Abelson virus transformed pro-B cell lines CBE−/−(1) and CBE−/−(2) are deficient for RAG2 and homozygous for IgH alleles in which both CBEs in IGCR1 are mutated (Guo et al., 2011b). RAG2-deficient pro-B cells contain WT IgH alleles, and Eμ−/− pro-B cells have a 220bp deletion of the intronic enhancer on both IgH alleles. Both lines lack RAG2 (Chakraborty et al., 2009). EOMA, an endothelial cell line from 129 strain of mice, was purchased from ATCC. CBE−/− (2)/Eμ−/−(1), CBE−/−(2)/Eμ−/−(2), D345/IGCR1−/−(1), D345/IGCR1−/−(2), CBE−/−(1)/C1−/−, WT/C1−/−, CBE−/−(1)/C2−/−, WT/C2−/−, CBE−/−(1)/C1−/−C2−/− and WT/C1−/−C2−/− were generated with CRISPR/Cas9 system, described below. Cells were cultured in RPMI medium with 10% fetal bovine serum (FBS) and 56μM 2-mercaptoethanol at 37°C in a 5% CO2 humidified atmosphere.

METHOD DETAILS

Isolation of pro-B cells from bone marrow

Bone marrow derived pro-B cells, marked as B220+IgMCD43+, were purified from WT 129 or IGCR1−/− mice.

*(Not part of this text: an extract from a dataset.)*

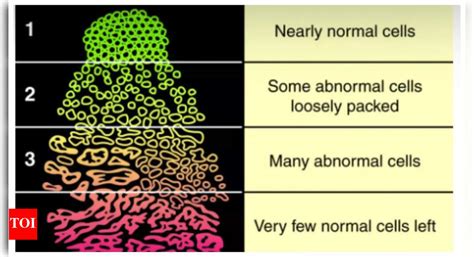 Prostate Cancer: What is the Gleason score in prostate Cancer and why ...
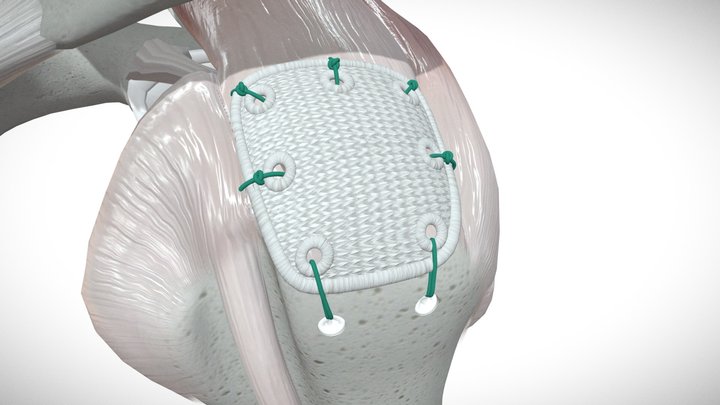 Pitch-Patch Open Technique 3D Model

Chromosome conformation capture (3C)

Chromosome conformation capture (3C) assays were performed as described (Wuerffel et al., 2007) using HindIII to digest crosslinked chromatin. Briefly, cells were crosslinked with 1% (v/v) formaldehyde solution in HBSS buffer. After nuclear extraction, cross-linked DNA was digested overnight with HindIII overnight. Reaction was terminated with SDS, followed by neutralization with Triton™ X-100 solution. Digested DNA was treated with T4 DNA ligase overnight. RNA and protein were digested by RNAse A and proteinase K. 2-Propanolprecipitated DNA was further purified by extraction with phenol and chloroform, followed by 0.3M sodium acetate (ph 5.2) and 65% ethanol. Quant-iT™ PicoGreen® dsDNA Assay Kit was used to quantify DNA. 3C ligation products were measured by Taqman quantitative PCR technology (Hagege et al., 2007). 3C results between experiments were first normalized using the α-amylase gene. Calculation was Xspecific primer = 2Ct (α-amylase - specific primer). To determine primer efficiency, equal moles of bacterial artificial chromosomes covering the genomic region under study, RP23-351J19 (231.6 kb, 5.55 µg), RP23-269D13 (202.8 kb, 4.86 µg), and RP23-363G23 (152.2 kb, 3.65µg) were mixed, digested with HindIII, re-ligated, and measured by Taqman quantitative PCR technology. Calculation of primer efficiency relative to the Eμ-VH81X was Especific primer = 2Ct (Eμ-VH81X - specific primer). 3C results between experiments were additionally normalized with respect to primer efficiency. Calculation was Relative Interaction= Xspecific primer / Especific primer.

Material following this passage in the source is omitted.